### Aim of the task
Return all of the data verbatim, dropping any picture.

### Available data
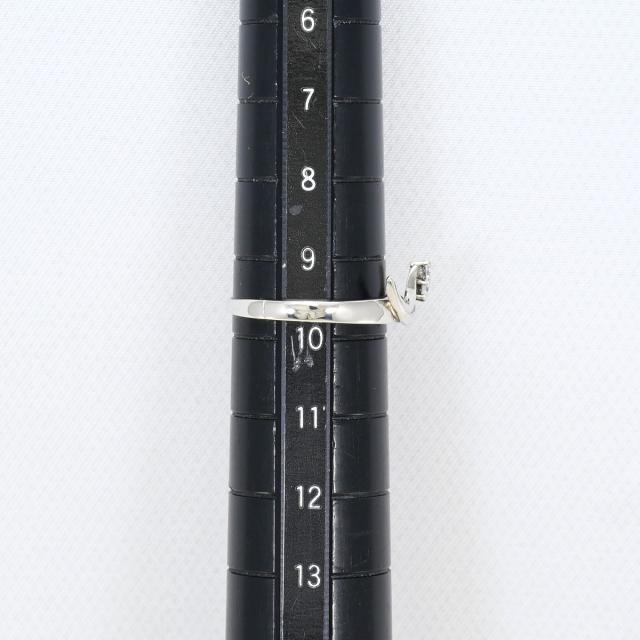 PT850 プラチナ リング・指輪 9.5号 ダイヤ 総重量約3.3g ジュエリー 中古_5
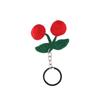 Sweet Cute Knitted Keyring Fruit Crochet Keyring Creative Cherry Keychain  DIY Jewelry
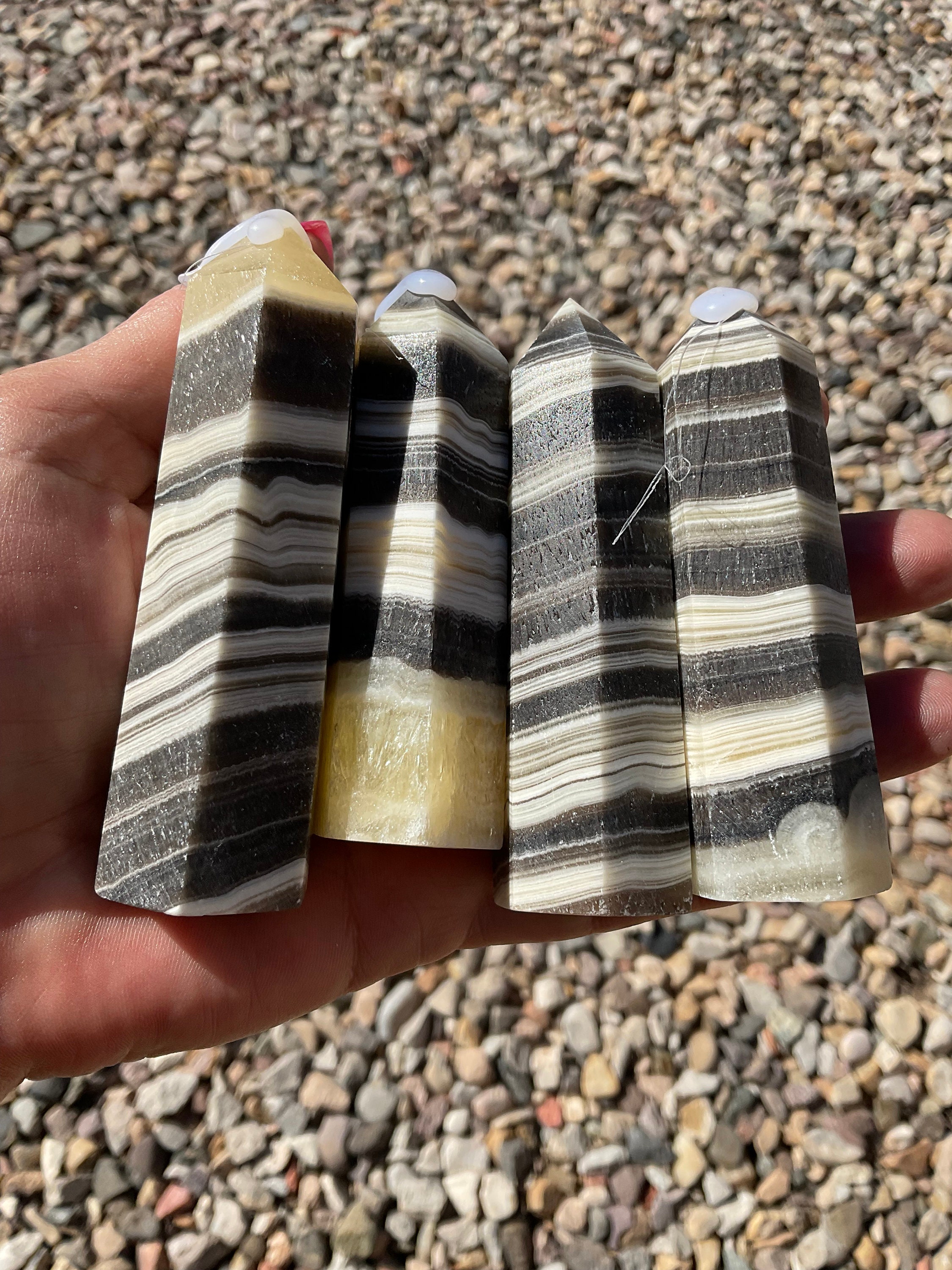 ハニーチョコレートカルサイトタワー/クリスタルタワー/クリスタル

### Your solution
 PT850 プラチナ リング・指輪 9.5号 ダイヤ 総重量約3.3g ジュエリー 中古_5
 Sweet Cute Knitted Keyring Fruit Crochet Keyring Creative Cherry Keychain  DIY Jewelry
 ハニーチョコレートカルサイトタワー/クリスタルタワー/クリスタル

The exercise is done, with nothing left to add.